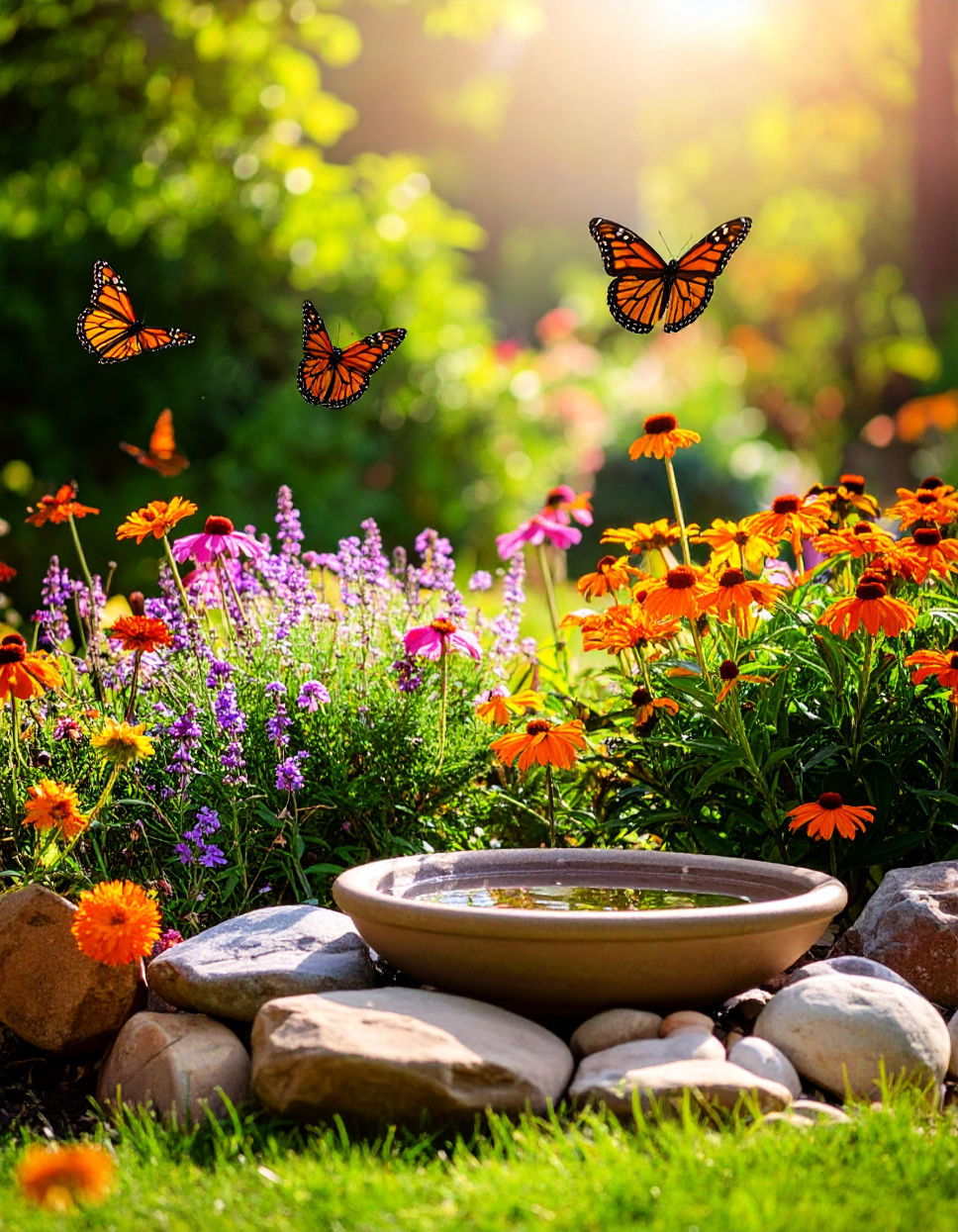 Create a Butterfly Garden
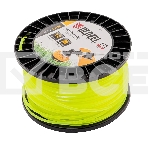 Леска для триммера Denzel квадрат, 3,0мм х 111м, на DIN катушке FLEX CORD, фото 1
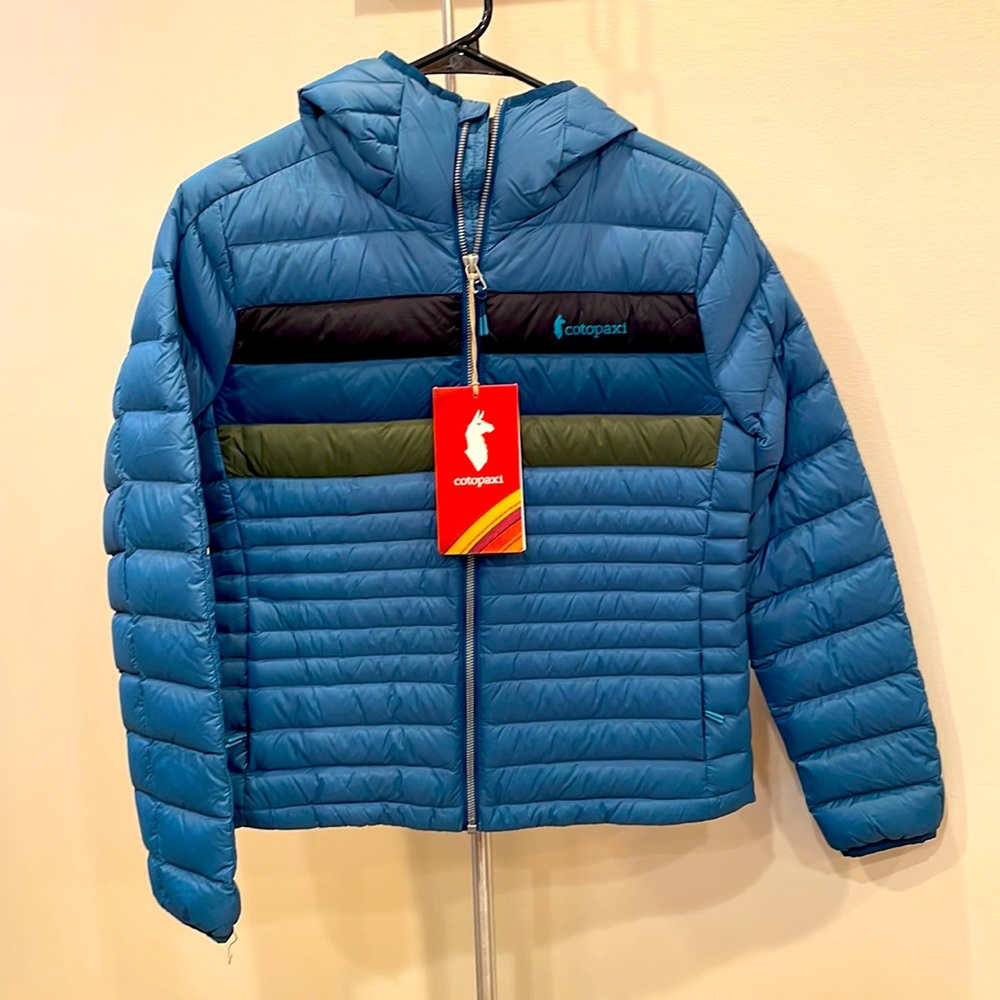 Cotopaxi Fuego down jacket- NEW with tags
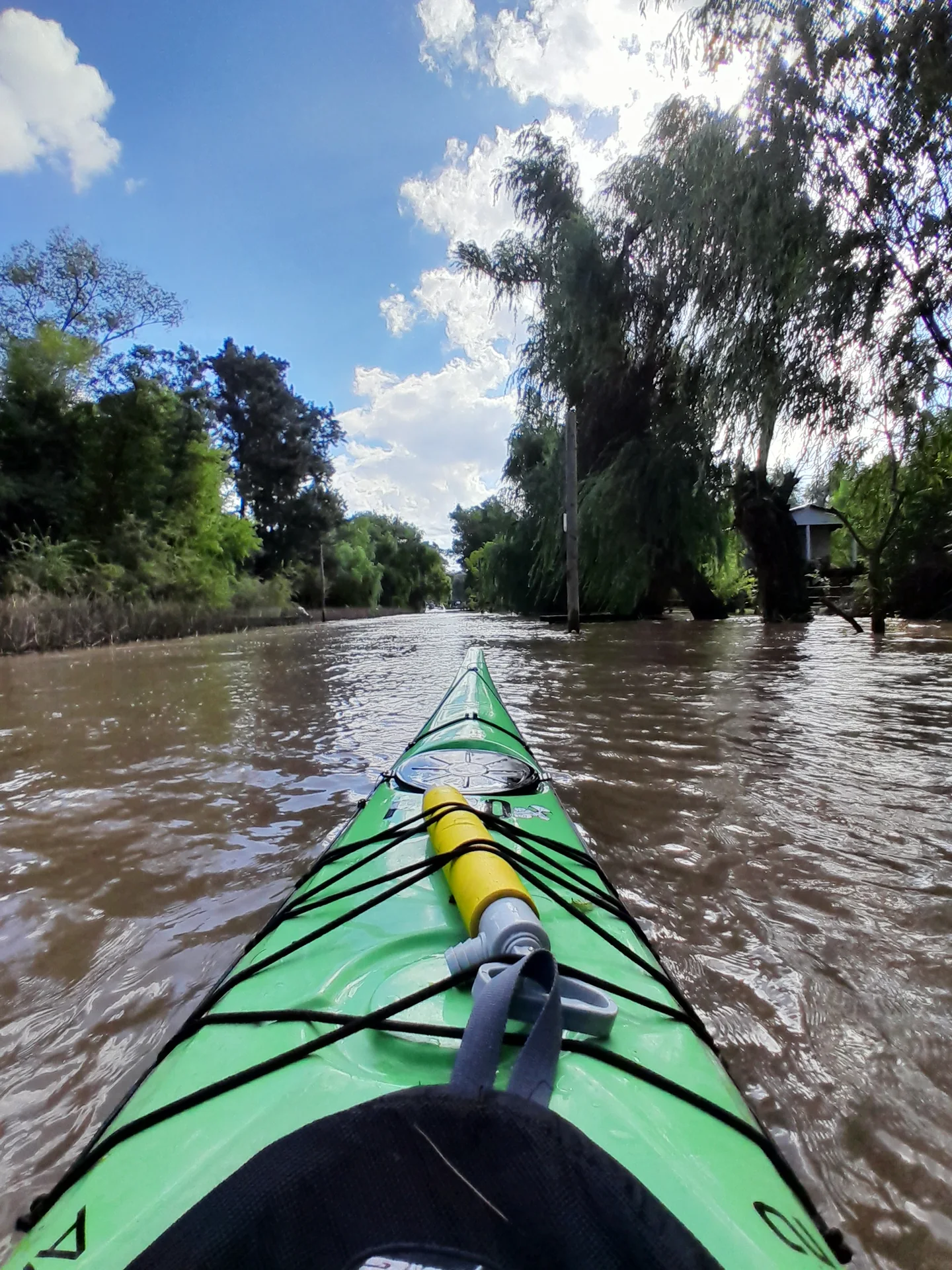 Kayaking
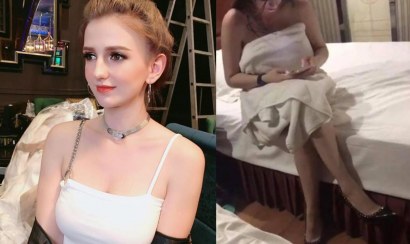 [HOT] Nữ DJ Ukraine Alexandra Rud lộ clip nóng 40s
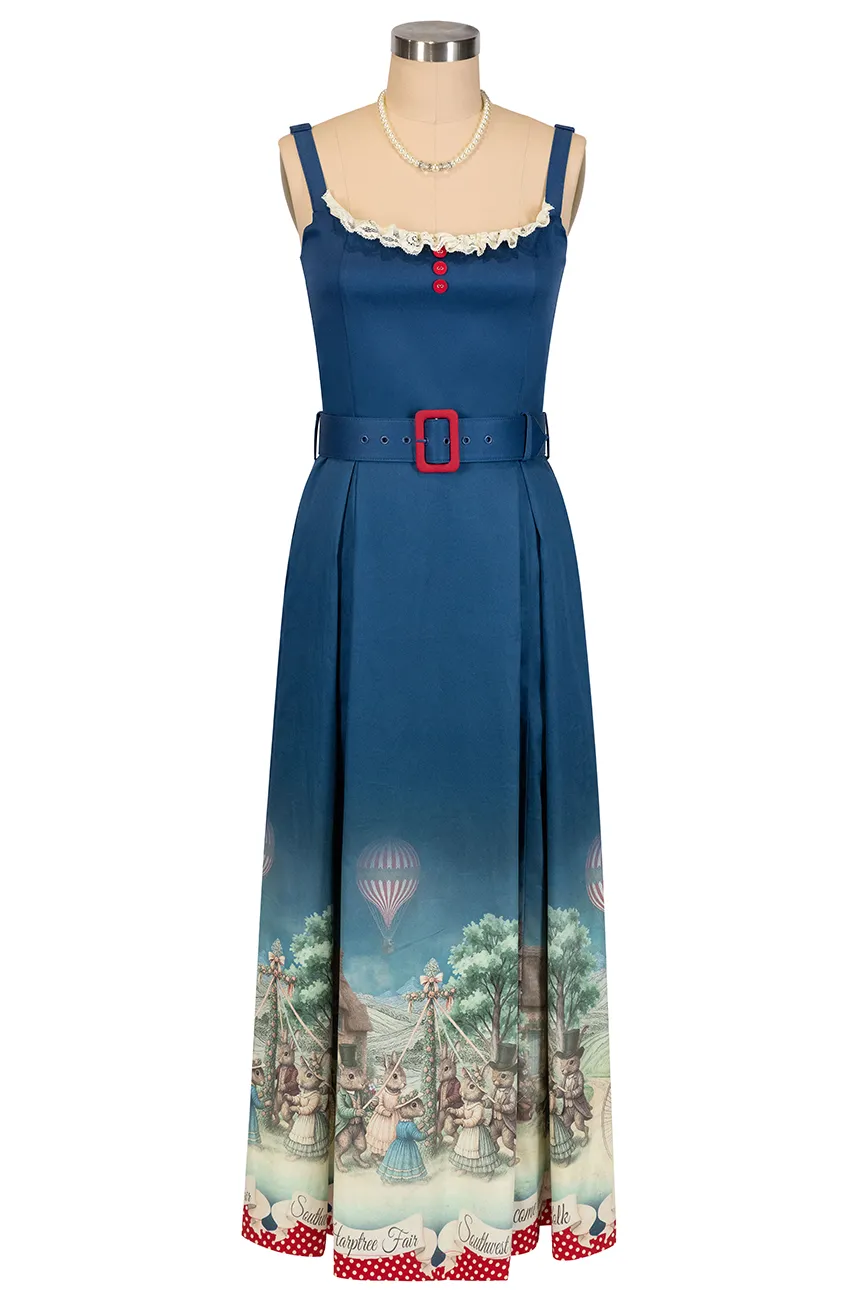Harptree Village Maxi Dress sold by Kitten D'Amour product image thumbnail 4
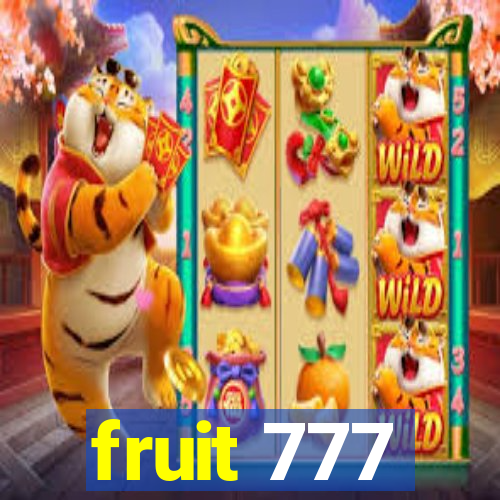 fruit 777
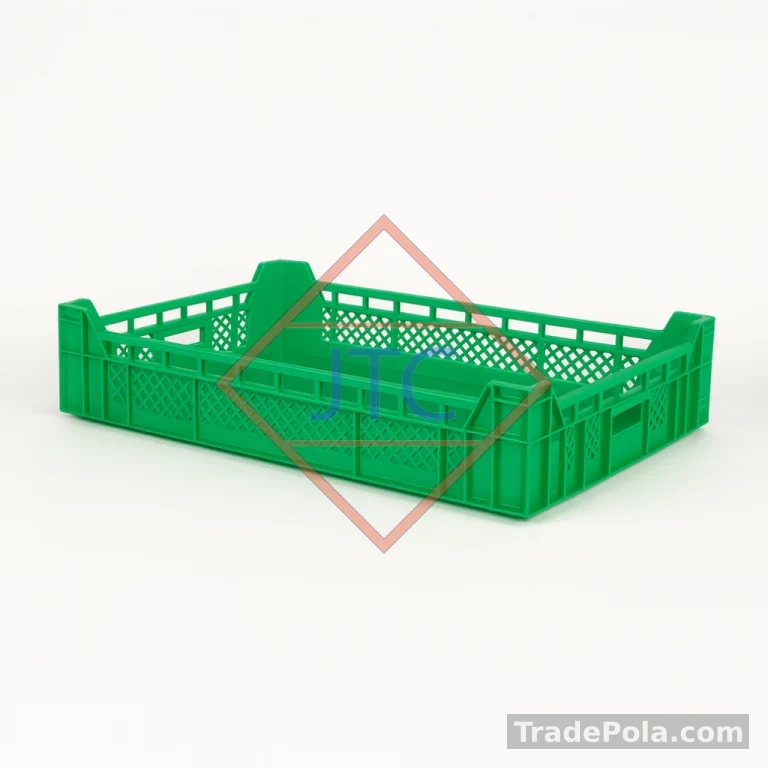 Bakery Crate CP39 – 600 (L) X 400 (B) X 120 (H) 24 LTR Capacity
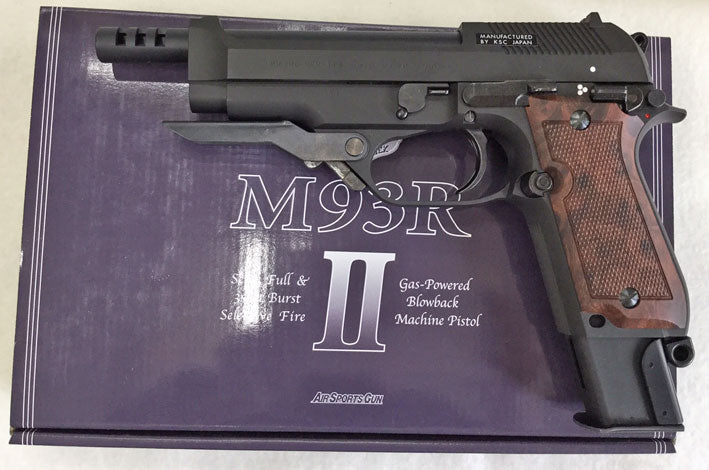 KSC M93RⅡ　(旧型・スペアMg有り)　品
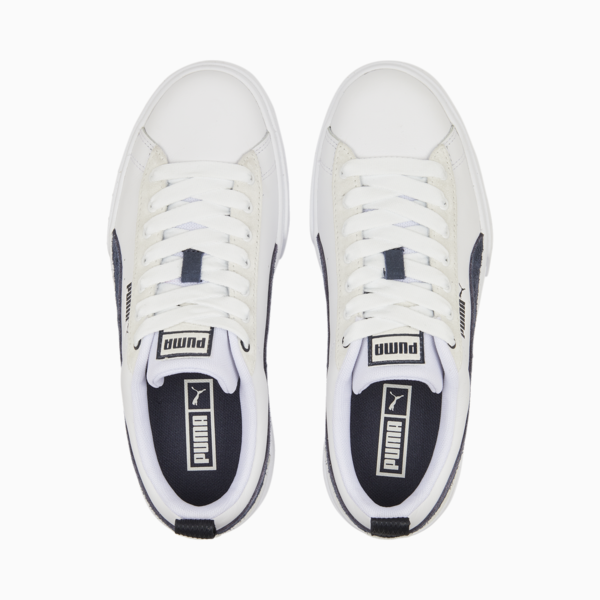 Mayze Mix Women's Sneakers, Puma White-Parisian Night, large-ZAF
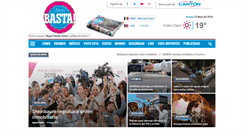 Desktop Screenshot of diariobasta.com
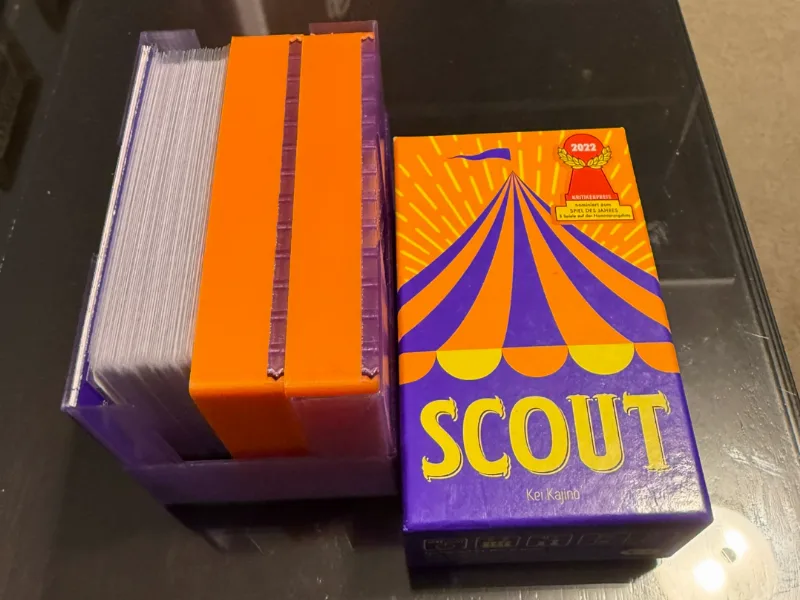 Scout+ sleeves +box 2 table +side storage +low PLA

◆ ◆ ◆ ◆

• Work to be completed: Reproduce every record word for word. The copy must contain no pictures.

• Expected answer:
 Create a Butterfly Garden
 Леска для триммера Denzel квадрат, 3,0мм х 111м, на DIN катушке FLEX CORD, фото 1
 Cotopaxi Fuego down jacket- NEW with tags
 Kayaking
 [HOT] Nữ DJ Ukraine Alexandra Rud lộ clip nóng 40s
Harptree Village Maxi Dress sold by Kitten D'Amour product image thumbnail 4
 fruit 777
 Bakery Crate CP39 – 600 (L) X 400 (B) X 120 (H) 24 LTR Capacity
 KSC M93RⅡ　(旧型・スペアMg有り)　品
 Mayze Mix Women's Sneakers, Puma White-Parisian Night, large-ZAF
 Desktop Screenshot of diariobasta.com
 Scout+ sleeves +box 2 table +side storage +low PLA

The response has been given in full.